Seqanswers Leaderboard Ad

Collapse

Announcement

Collapse
No announcement yet.
X
 
  • Filter
  • Time
  • Show
Clear All
new posts

  • #16
    Didn't happen in the previous version so I'm guessing its a result of the fix they put in for my last issue. I'm impressed with how fast they are turning around fixes so it makes it worth the effort.

    Comment


    • #17
      Customer service makes all the difference! I don't know if you have ever tried to get help from the Tophat/cufflinks people but man...those guys are impossible. So far Wei has been on top of things. The same goes for the BWA, STAR and RSEM devs. I've had pretty quick responses from all of them.

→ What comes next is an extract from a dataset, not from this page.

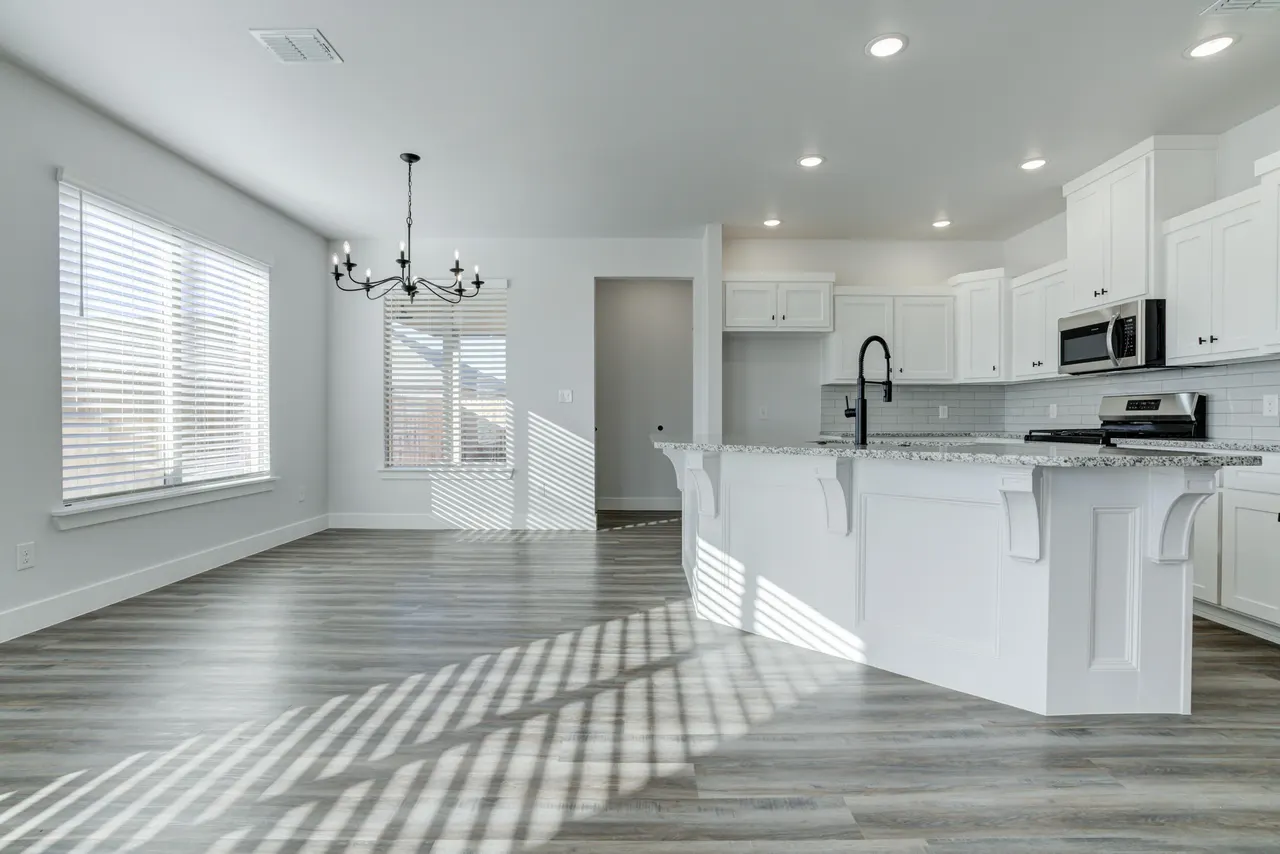 Photo 17 — 5810 Viola Avenue, Lubbock, TX 79407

      It's sort of convenient for me that these subread people are just getting to work when I'm about to go to sleep. I get back to the lab the next day and they've fixed stuff during the night.
      /* Shawn Driscoll, Gene Expression Laboratory, Pfaff
      Salk Institute for Biological Studies, La Jolla, CA, USA */

      Comment


      • #18
        Dear sdriscoll and Jon,

        Many thanks for your nice comments. We really appreciate you putting up with the bugs and helping us to improve our programs.

        As you said, the sam output bug was introduced in v1.3.5. We have fixed it in v1.3.5-p1. We also enhanced the subread-buildindex to let it check the integrity of the provided reference sequences and report any unexpected characters in a more informative way.

        The latest version v1.3.5-p1 can be downloaded from http://subread.sourceforge.net . We have done a more thorough test by using much bigger test datasets. Hope it works for you. But please let me know if found any other bugs.

        Best wishes,

        Wei

        Comment


        • #19
          Running a test tonight...

          Comment


          • #20
            Hi Shi,

            Just wanted to thank you this last patch seems to be much improved. Now moving on to test featureCounts.

            Comment


            • #21
              Dear Jon,

              No worries. Thanks for letting me know.

              Please make sure you are using the latest version (1.3.5-p3). We made changed to featureCounts today. Let me know if you run into any problems.

              Best wishes,

              Wei

              Comment


              • #22
                Hello!

                I've hit a problem with subread-align. I receive the following output from subread-align when trying to map paired end RNAseq data.

                Code:
                $ subread-align -r sample_R1.trimmed.fq.gz -R sample_R2.trimmed.fq.gz -o sample.bam -i ../refseqs/TAIR10_gen/TAIR10_gen
                
                Number of selected subreads = 10
                Consensus threshold = 3
                Number of threads=1
                Number of indels allowed=5
                
                
                Performing paired-end alignment:
                Maximum fragment length=600
                Minimum fragment length=50
                Threshold on number of subreads for a successful mapping (the minor end in the pair)=1
                Number of anchors=10
                The directions of the two input files are: forward, reversed
                
                Out of memory. If you are using Rsubread in R, please save your working environment and restart R.
                This is on the following platform:
                Code:
                $ uname -a
                Linux host 3.2.0-4-amd64 #1 SMP Debian 3.2.46-1 x86_64 GNU/Linux
                
                $ free -m
                             total       used       free     shared    buffers     cached
                Mem:        129161      56634      72526          0        196      54215
                -/+ buffers/cache:       2222     126938
                Swap:        95356         12      95344
                subread-align -v gives "Subread 1.3.5-p4", even though it's from the 1.3.5-p5 tarball


                I can attach the Fastq files if you would like, as these are ~7mb test files i've used to debug my analysis pipeline.

                Kevin

                Comment


                • #23
                  Dear Kevin,

                  It seems you provided gzipped fastq file to subread-aligner for alignment. But subread-align does not support gzipped input files. Please unzip them and run it again to see if you still have the same problem.

                  Best wishes,

                  Wei

                  Comment


                  • #24
                    Originally posted by shi View Post
                    Dear Kevin,

                    It seems you provided gzipped fastq file to subread-aligner for alignment. But subread-align does not support gzipped input files. Please unzip them and run it again to see if you still have the same problem.

                    Best wishes,

                    Wei
                    Hi Wei,

                    That fixed the problem, thanks very much. Apologies for the stupid question.

                    Kevin

                    Comment


                    • #25
                      There is no stupid question here. I'm glad that fixed the problem.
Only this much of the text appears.